The work done by majors in American Studies is guided by the program's unifying Learning Goals, and is organized through faculty and student goals, strategies and outcomes.
1. To expose students to theoretical, critical, analytical, and methodological approaches from diverse perspectives within the humanities and social sciences, including anthropology, cultural studies, history, literary studies, media studies, sociology, performance studies, political science, theology, etc.
2. To have students develop a course of study that integrates academic work across a range of disciplines and to think and do research in interdisciplinary ways; to have students synthesize and critically evaluate knowledge from diverse fields; to foster student research concentrations in particular areas of American Studies that reflect their individual interests and goals.
3. To have students work closely with faculty mentors as they develop their individualized curricula, develop integrated courses of study, and produce original theses projects.
4. To develop and implement innovative research and pedagogic techniques both in the classroom and through related activities and practices. Students in the American Studies major receive instruction in the use of different media for creating and sharing knowledge, such as digital portfolios, digital museums, digital stories, student-produced documentary videos, blogs, live performance, scripts, novels, poetry, and music, which are integrated into the curriculum.
5. To-have students develop innovative approaches to disseminating knowledge from their studies. Students should graduate with the ability to use digital tools for displaying and sharing knowledge.
1. To develop well-organized arguments about the knowledge produced in the research process.
2. To organize sustained student research agendas through the writing of the required senior thesis that reflects their area of primary interest and which is the culmination of their academic program.
3. To learn as a community and to work collaboratively through sustained conversation within the classroom and outside it, the latter through internships, study abroad experiences, program field trips, activities, and lectures.

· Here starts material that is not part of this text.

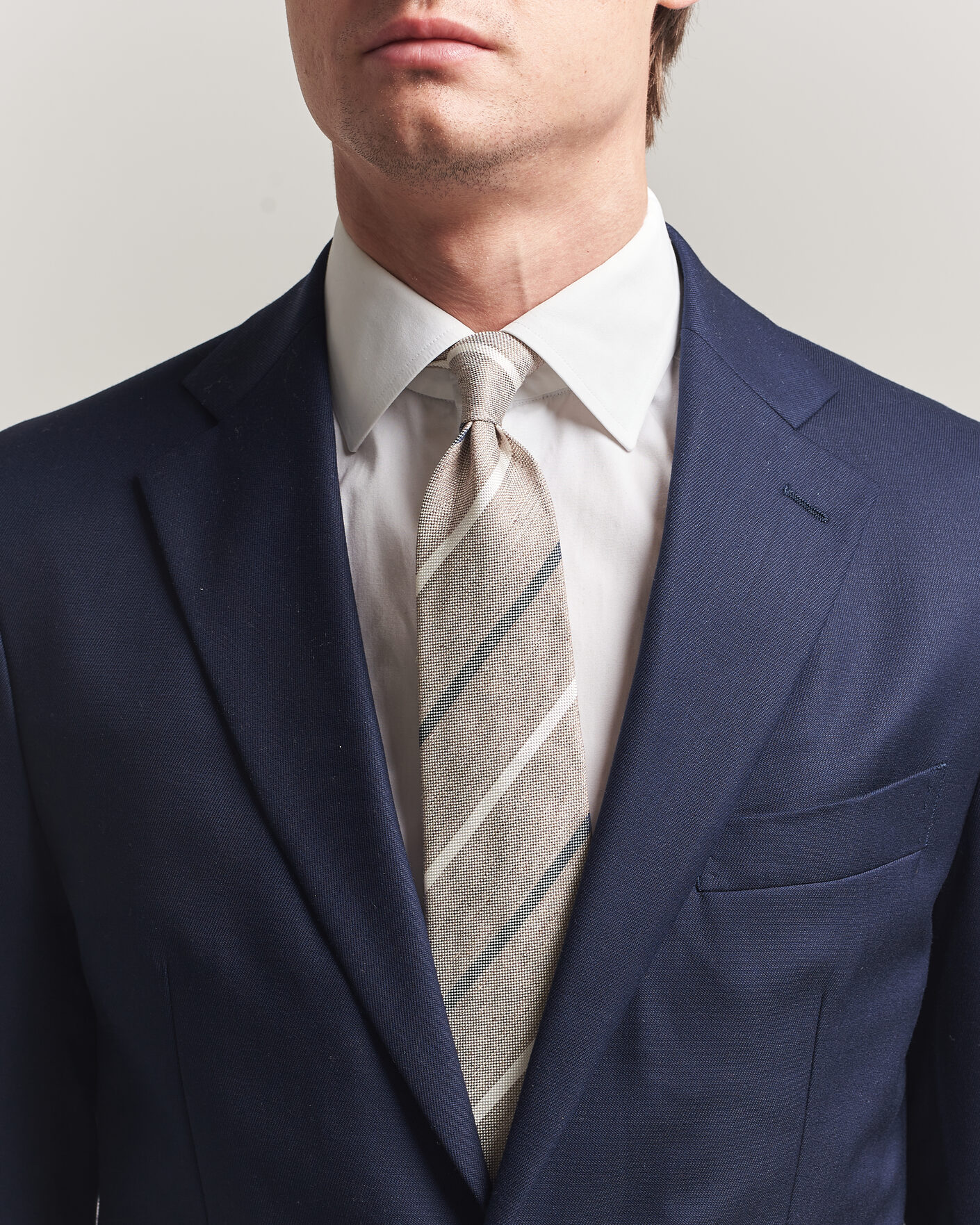 Heren | Stropdassen | Amanda Christensen | Silk/Linen 8cm Striped Tie Brown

4. To use digital portfolios to assemble and integrate students' coursework and related academic experiences as they progress through the major and to provide a foundation for the development of their senior thesis project.
(Revised Fall 2014)
Writing in the American Studies Program:
The American Studies curriculum emphasizes writing as a central part of the development of students’ intellectual and professional lives. Student writing is expected to include critical, analytical and historical dimensions, not least because all students in the major must complete a senior research thesis project.
In preparation for this project, lower-division American Studies courses (American Civilization I and II) include weekly writing assignments in the practice of making arguments and supporting them with evidence from texts read in class. Additionally, students in these courses explore different forms of writing in multiple short genres, including museum exhibit descriptions, book introductions, etc. Students also complete research papers that encourage them to make connections between disparate ideas, identify and utilize primary research, and make compelling arguments. This work is facilitated through training in library research and through the use of citation formatting techniques.
In the interim between the lower-division courses and the senior thesis seminar, American Studies majors may be asked to participate in a student-led collaborative writing project. The objective of these projects is to engage students with forms of public scholarship. This is an opportunity for them to exercise their research and writing skills and present their work in various forms to not only fellow students and faculty, but also to alumni, parents, and a broader intellectual community. By way of example, one group is working towards the self-publication of their final papers from their American Civilization II course. They have the opportunity to develop their editorial skills and learn the rigorous practices of designing and distributing a publication.
The senior thesis seminar is organized into two courses taken sequentially in the student’s fourth year. These courses provide the opportunity for the genesis and development of an extended project, with a research and writing process that includes the development and refinement of research questions, methodologies, literature reviews/bibliographies, and work plans. Students are expected to have a regular habit of writing in order to digest and synthesize research insights, and do extensive draft and revision work to make clear, specific and discussion-worthy arguments. The emphasis of this process is the intellectual maturation of students, whereby their writing practice allows them to take ownership and responsibility for their final project produced at the year’s end.